Some think it’s way worse: Peter Cappelli, a professor at the University of Pennsylvania’s Wharton School, lays out a guide for families in making this so-called ROI calculation in his new book, Will College Pay Off?: A Guide to the Most Important Financial Decision You’ll Ever Make:
Looking at the actual return on the costs of attending college, careful analyses suggest that the payoff from many college programs — as much as one in four — is actually negative. Incredibly, the schools seem to add nothing to the market value of the students.
So let’s say with 44% of borrowers taking undesirable or out of field jobs, 40% of borrowers set to default and 43% under- or unemployed, 37% went to graduate school and all the other statistics mentioned above – I have no way of knowing where these statistics overlap but let’s say on the low-end and for ease, that there is near 100% overlap of these data points and that approximately half of people who took out loans for college are not getting their money’s worth. (For instance, someone with over $50,000 in debt who is underemployed is also likely to default). That’s 650,000.

What about that last 650,000?

So I’m going to say that this is the group of people who didn’t take out too much debt and have been steadily employed at above-average paying jobs. What does it mean to take on average debt? I don’t know how to vet this last 650,000 for success.
But remember that approximately 4.4M go to college and 650,000 are doing well even after taking out loans (I assume this number of people is doing very well in order to balance out the people who are not doing well in terms of income or jobs). That’s 15%. You have to ask yourself, are you going to be in that top 15%? It seems a little bit crazy to go so far into debt for an outcome that is only worth it for 15% or fewer of the people. At this rate, maybe you’d be better off starting your own company. The risk levels seem similar.
Student loans from college are hardly a sure pathway to success. If you still don’t believe me, you can read one of the 8 million hits for “student loan horror stories.”

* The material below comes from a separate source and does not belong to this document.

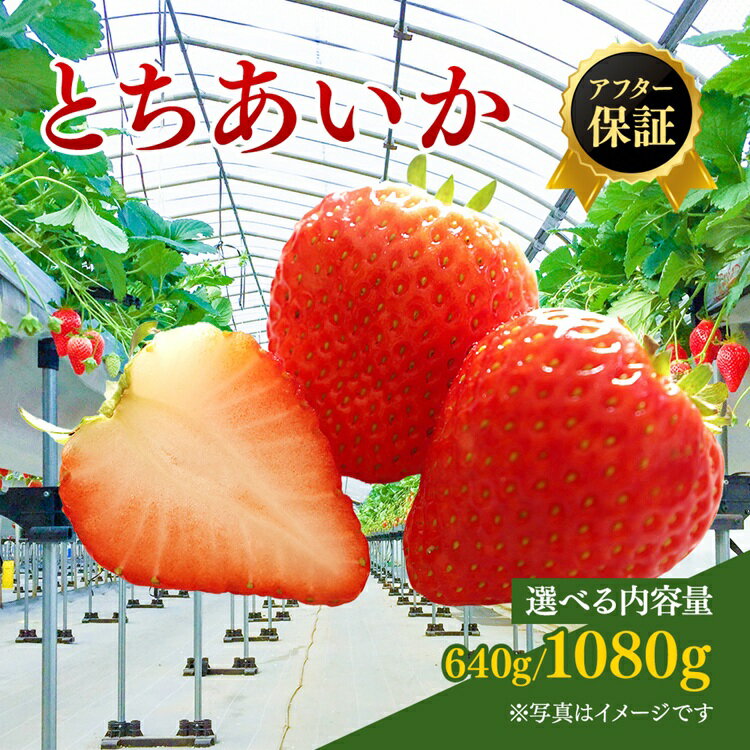 【ふるさと納税】【先行予約】【選べる内容量・発送月】いちご市 鹿沼の美味しい「い」「ち」「ご」 とちあいか 320g×2パック/270g×4パック（1月発送/2月発送） ｜ いちご イチゴ 苺 フルーツ 果物 くだもの 日本一 品質 ビタミンC 果実 かぬま ※沖縄・離島への配送不可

Should you to go to college?

I started college almost 20 years ago. I went to a well-regarded public school in-state and my parents were able to afford my tuition and expenses because they had high-paying jobs and the tuition was more affordable. Today, the tuition and rents at the same school in the same town have quadrupled – but pay has not. Though it made total sense for me to go to college 20 years ago, it might not make sense for me to make the same choices today. A lot changes in 20 years. Beware of people who look back at their own lives as evidence that college is a good investment today. Past performance is not indicative of future performance and that person isn’t you.

Even if you’re not in a financial position to go to college (given the cost and your family’s finances), it seems like you still don’t have a lot of options. A lot of companies are holding students hostage by requiring college degrees for positions that never used to require them.

I think if you can afford to go to a top college without accruing a lot of debt, it will likely be a good choice. For those eyeing massive student loan debts in order to chase one’s college dreams, I hope you would consider that, college and student loans are a calculated risk. It might pay off, but it could very well be a huge mistake.  One should consider every opportunity to save money such as :

  • Taking many AP courses in high school to qualify for college credit
  • Attending community college for the first two years and/or taking classes at the community college in high school or over the summer to save on credits at a more expensive school
  • Applying for many scholarships and financial aid
  • Delaying college until you know what you want to study and working in-between
  • Working part-time in college (I knew a few people who worked full-time while maintaining a full course load, as well)
  • Graduating early

College can be a wonderful asset to your career and a fun and rewarding four years – but don’t get blinded by the fantasy and ignore the finances.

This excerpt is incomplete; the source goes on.